After receiving error message "No connection could be made because the target machine actively refused it" at 1:20:20, it decided to terminate background work executor. Central node recorded "terminating background work executor" and "Executor stopped" about every half hours during 1:12:36am until 6.55.02am. The termination resulted central node cannot get extension informantion from \\shared drive\StaticContent\Extensions\. Central node complains "Invalid extension schema".
We found in the morning at 8.14am that no chart renders in mashups, cannot access apps in hub, QMC shows only black background and big running circle.
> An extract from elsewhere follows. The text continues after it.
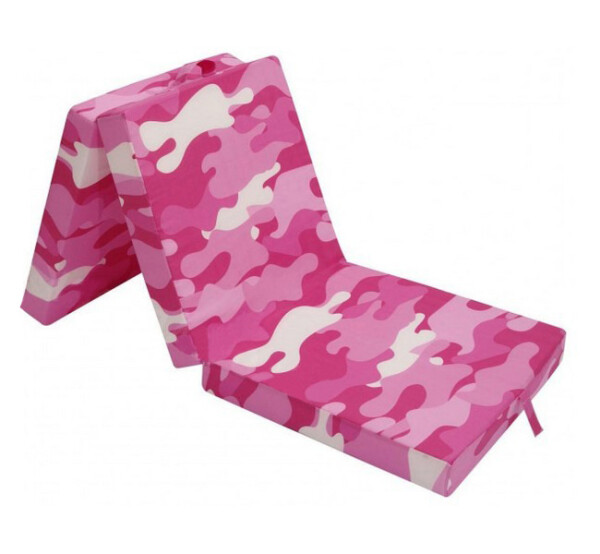 TEXPOL Skládací matrace FLAMINGO 61501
At 9:05am, somehow mysteriously everything starts to work. I found from system_repository log that System.Repository.Repository.Core.Installer.InstallerConfigurationHandler wrote: " Installer configuration successfully read" After that there is no complaining about "Invalid extension schema".
My question is: why central node stopped trying to contact postgres server after 1:12:20?
I also need advice on how to find out what fixed the issue at 9:05am. The only thing I did was trying to access QMC from different proxy service of different nodes. We have proxy service in ceontral node, proxy node and 1 consumer node. Colleagues said they haven't done anything, except rebooted QS shared drive at around 8:46.